INFORMATION SHOWN =
***

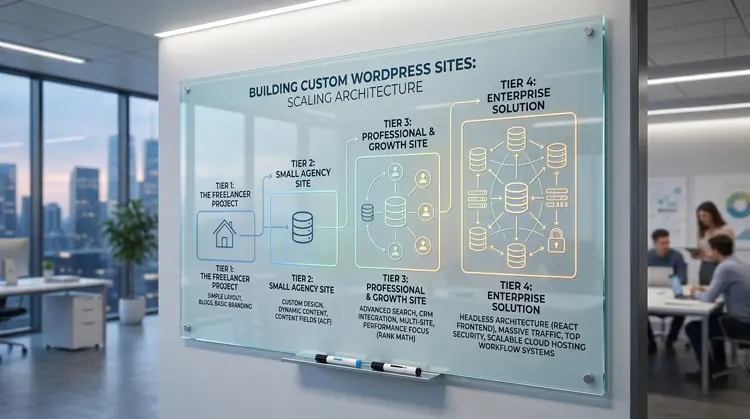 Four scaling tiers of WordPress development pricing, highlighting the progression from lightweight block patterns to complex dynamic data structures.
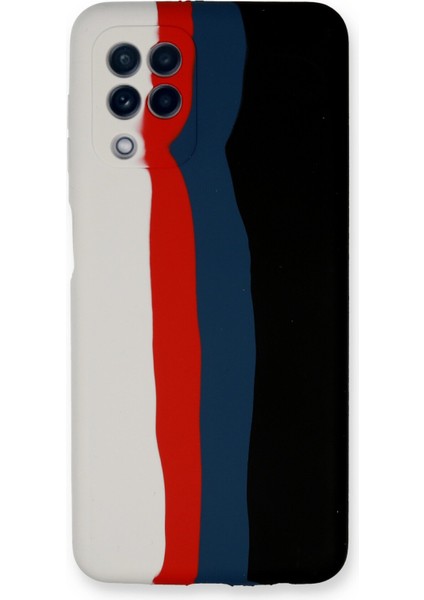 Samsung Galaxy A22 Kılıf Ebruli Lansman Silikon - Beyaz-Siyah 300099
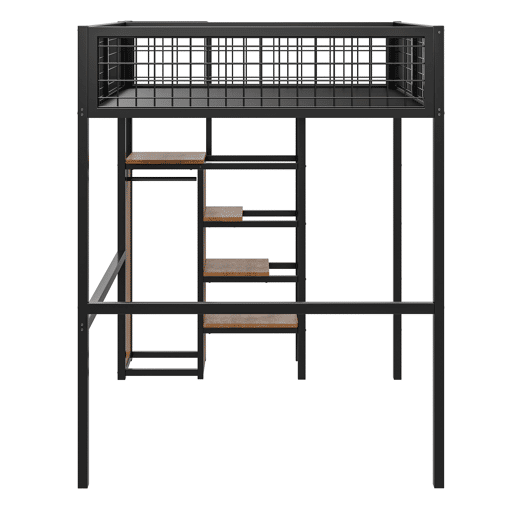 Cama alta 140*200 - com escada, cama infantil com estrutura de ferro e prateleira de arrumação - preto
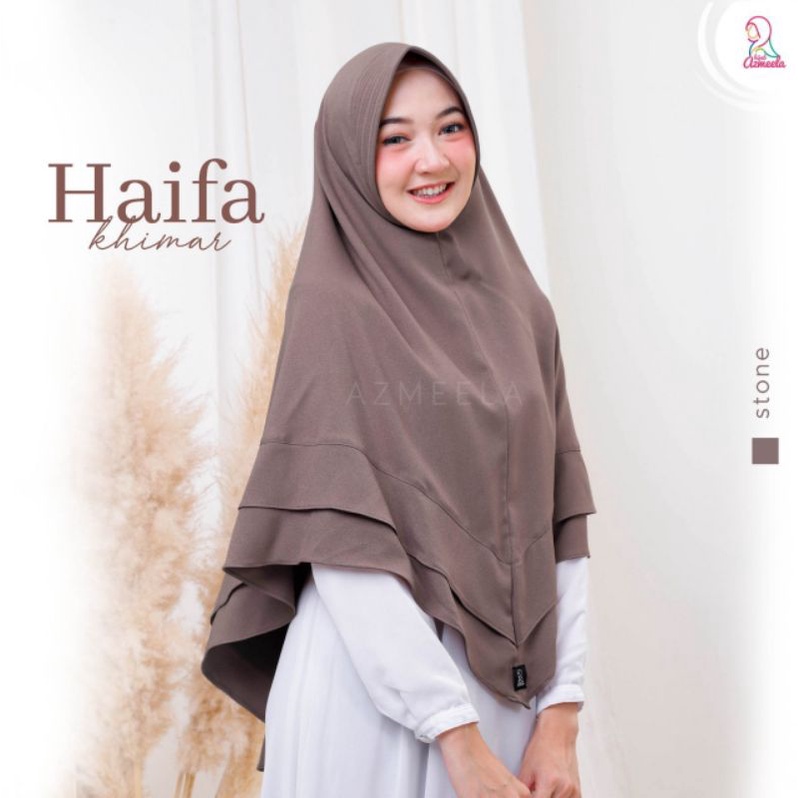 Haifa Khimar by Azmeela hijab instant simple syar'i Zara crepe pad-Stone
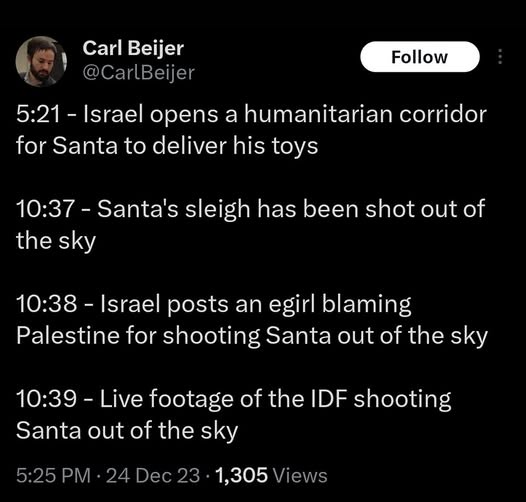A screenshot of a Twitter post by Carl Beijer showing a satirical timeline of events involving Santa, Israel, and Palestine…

***

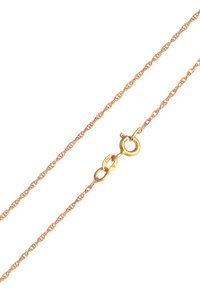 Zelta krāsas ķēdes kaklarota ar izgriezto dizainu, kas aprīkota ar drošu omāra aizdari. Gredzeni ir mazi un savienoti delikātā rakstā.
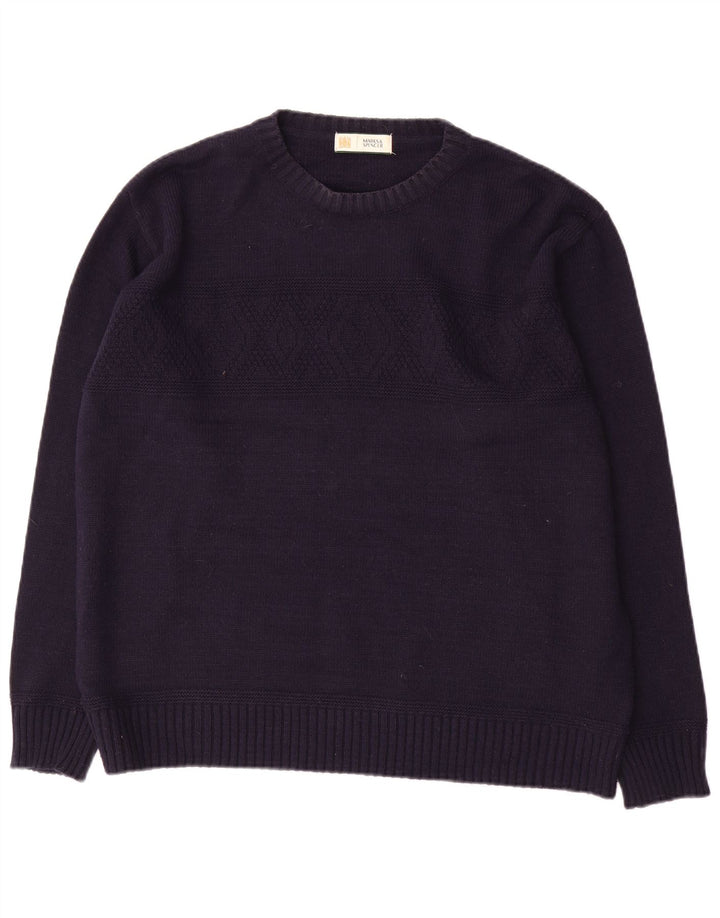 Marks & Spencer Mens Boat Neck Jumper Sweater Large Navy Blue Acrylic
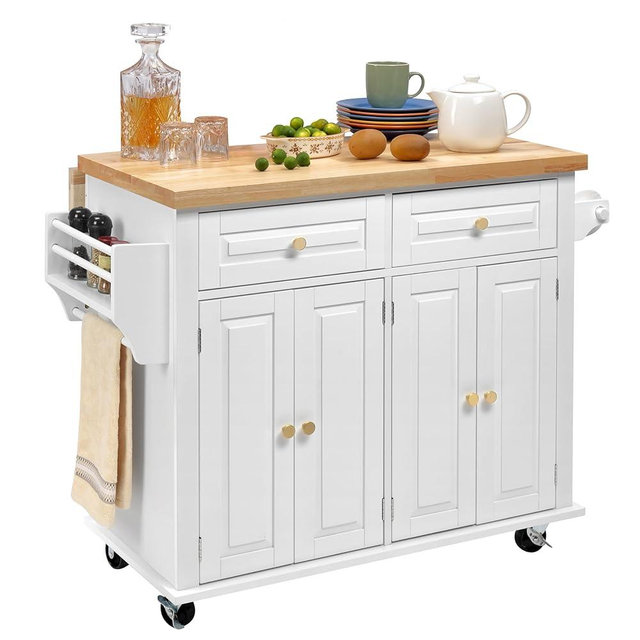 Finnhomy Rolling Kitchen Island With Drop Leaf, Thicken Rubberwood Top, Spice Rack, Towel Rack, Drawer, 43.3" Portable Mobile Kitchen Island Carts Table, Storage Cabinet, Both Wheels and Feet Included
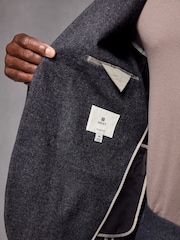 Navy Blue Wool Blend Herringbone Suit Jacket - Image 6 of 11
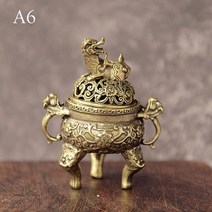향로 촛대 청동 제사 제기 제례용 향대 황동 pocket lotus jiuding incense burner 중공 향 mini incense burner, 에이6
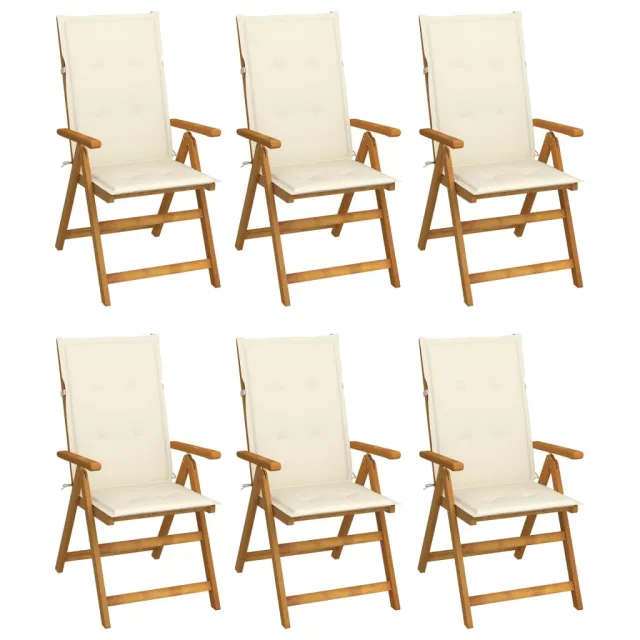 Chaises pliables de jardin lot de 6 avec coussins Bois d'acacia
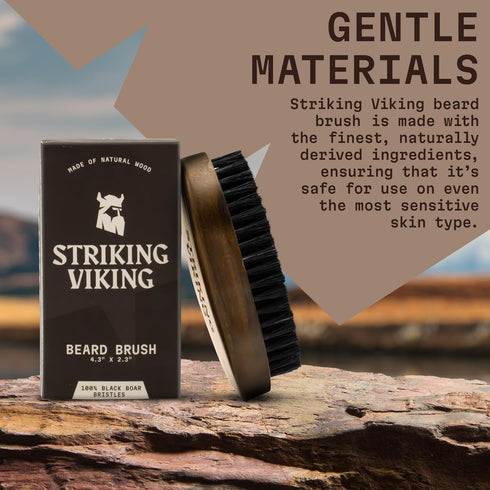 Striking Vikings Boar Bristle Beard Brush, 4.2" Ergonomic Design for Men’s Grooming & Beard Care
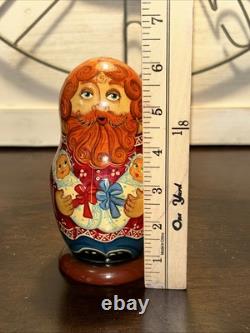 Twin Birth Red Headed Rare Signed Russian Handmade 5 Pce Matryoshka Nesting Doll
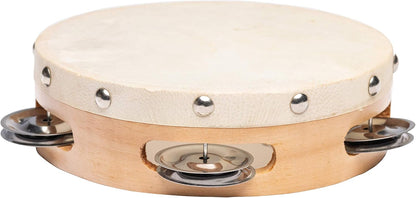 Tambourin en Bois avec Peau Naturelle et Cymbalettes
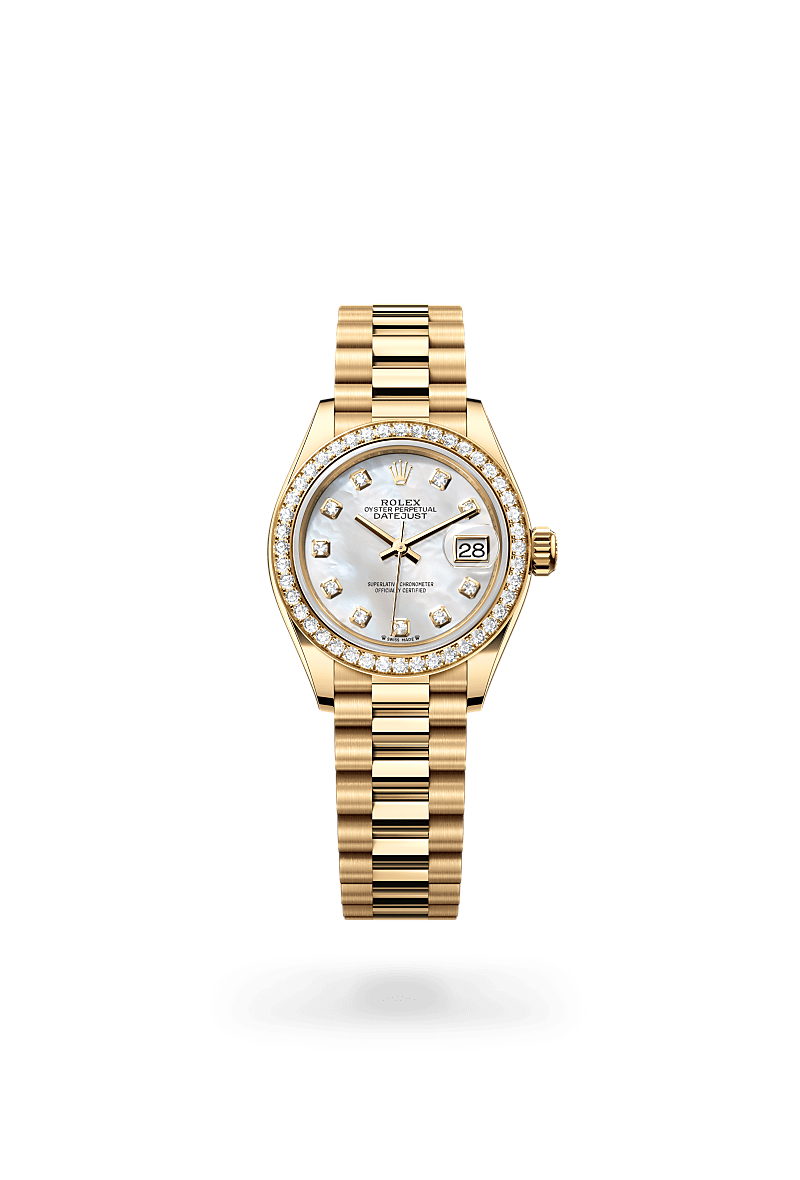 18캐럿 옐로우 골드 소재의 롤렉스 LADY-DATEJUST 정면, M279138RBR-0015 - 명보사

***

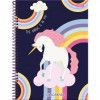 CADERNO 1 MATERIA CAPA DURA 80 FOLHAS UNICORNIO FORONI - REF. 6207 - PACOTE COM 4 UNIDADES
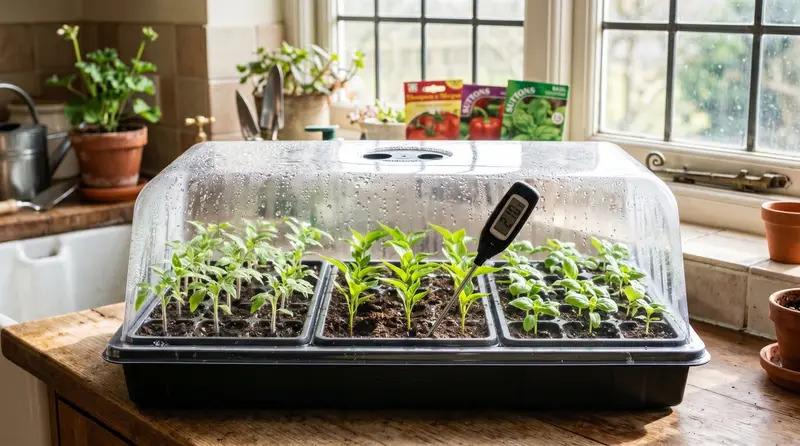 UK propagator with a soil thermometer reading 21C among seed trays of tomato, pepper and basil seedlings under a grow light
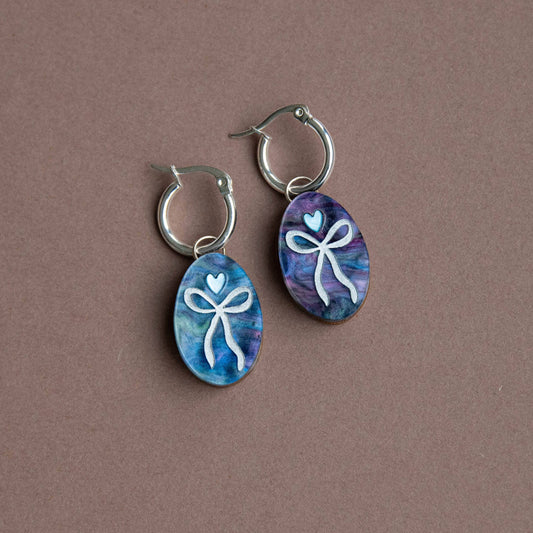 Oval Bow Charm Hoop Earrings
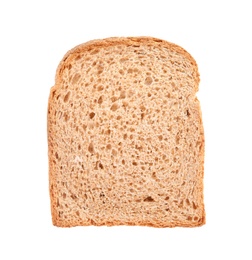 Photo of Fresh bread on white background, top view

***

Word for word, write out the lines above running from the one with "Navy Blue Wool" up to and including the one with "18캐럿 옐로우 골드". Drop any picture.

 Navy Blue Wool Blend Herringbone Suit Jacket - Image 6 of 11
향로 촛대 청동 제사 제기 제례용 향대 황동 pocket lotus jiuding incense burner 중공 향 mini incense burner, 에이6
 Chaises pliables de jardin lot de 6 avec coussins Bois d'acacia
 Striking Vikings Boar Bristle Beard Brush, 4.2" Ergonomic Design for Men’s Grooming & Beard Care
 Twin Birth Red Headed Rare Signed Russian Handmade 5 Pce Matryoshka Nesting Doll
 Tambourin en Bois avec Peau Naturelle et Cymbalettes
 18캐럿 옐로우 골드 소재의 롤렉스 LADY-DATEJUST 정면, M279138RBR-0015 - 명보사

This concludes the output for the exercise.